It will be a few days before things get back to normal in Virginia, even after Colonial Pipeline has restarted its operations following a cyberattack that forced its systems offline last week.
Virginia has felt the effects of the attack in the form of gas shortages compounded by a fueling frenzy across the commonwealth.
The Colonial Pipeline delivers about 45% of the fuel used along the Eastern Seaboard. But even when it was shut down, Virginia officials said that there were other lines serving the state — three interstate lines and one intrastate pipeline — and those were unaffected by the hack, Stacie Neal, director of planning with the Virginia Department of Emergency Management, said Thursday during a news briefing.
— Colonial Pipeline (@Colpipe) May 13, 2021
Neal gave a brief summary of the actions that have been taken since the attack on Friday, including declarations of emergency, issuance of federal and state waivers and the recent restart of the pipeline.
Colonial Pipeline restarted the line Wednesday and was at 50% capacity by 7 a.m. Thursday. It expected that a majority of the markets it serves will receive product from the system by midday, a Colonial Pipeline operational update said.
But restart doesn’t mean resumption, officials said.
Scott Marshall, pipeline safety program manager with the Virginia State Corporation Commission, said that several things have to be monitored and after that, it takes several hours for the product to reach Northern Virginia destinations.
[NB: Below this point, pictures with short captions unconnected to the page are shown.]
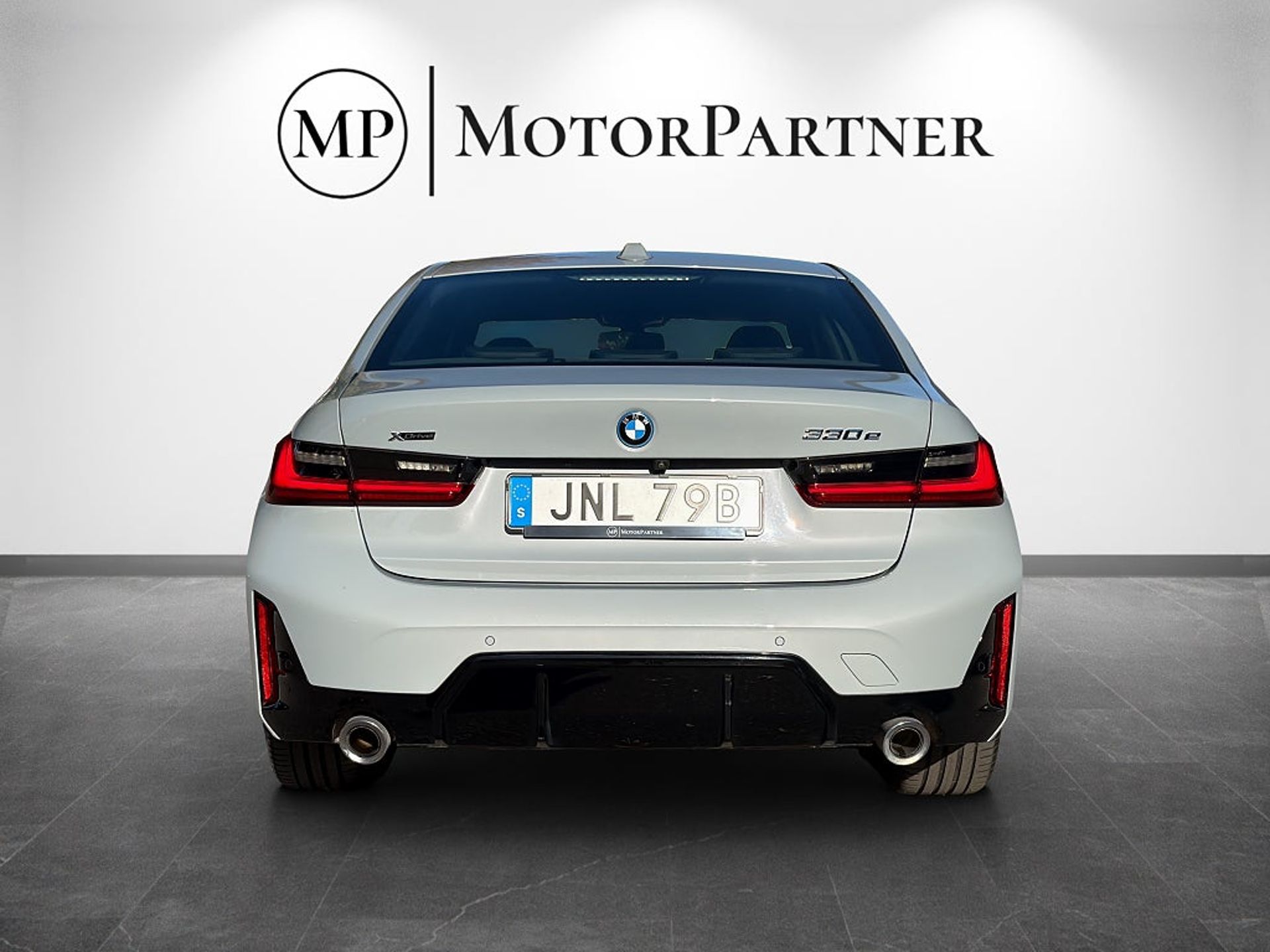 BMW 330 e xDrive Sedan M Sport 2023, bild 7/10
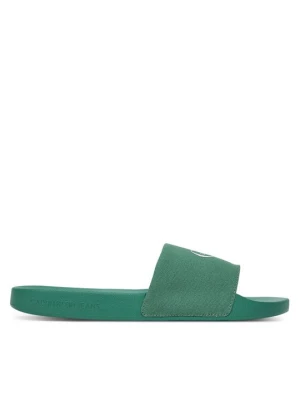Obrázek produktu Calvin Klein Jeans Nazouváky Slide Monologo Cv YM0YM01367 Zelená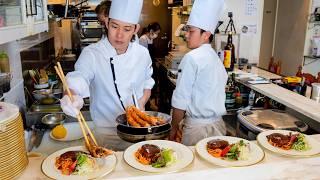 Huge Fried Shrimp a Hit! Locals Love It! Hearty Dishes from a Beloved Family-Run Restaurant!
Marshall said that after the restart, the product reached Richmond faster than expected from the Gulf states, but 48 hours from the restart needs to be allotted before normal flow rates resume and additional monitoring is relaxed. That means that 100% capacity may happen 48 hours from Wednesday.
“Moving from Richmond to Northern Virginia is a 29-hour journey,” Marshall said, and to reach the endpoint in New Jersey is a 14-day journey.
During the pipeline shutdown, the Virginia Department of Transportation limited nonessential travel for its 4,000 employees.
Stephen Brich, commissioner of highways, said that the agency has sufficient supplies of gas and diesel to provide services, but as a conservation method, they have repositioned safety service patrollers in key high-crash locations.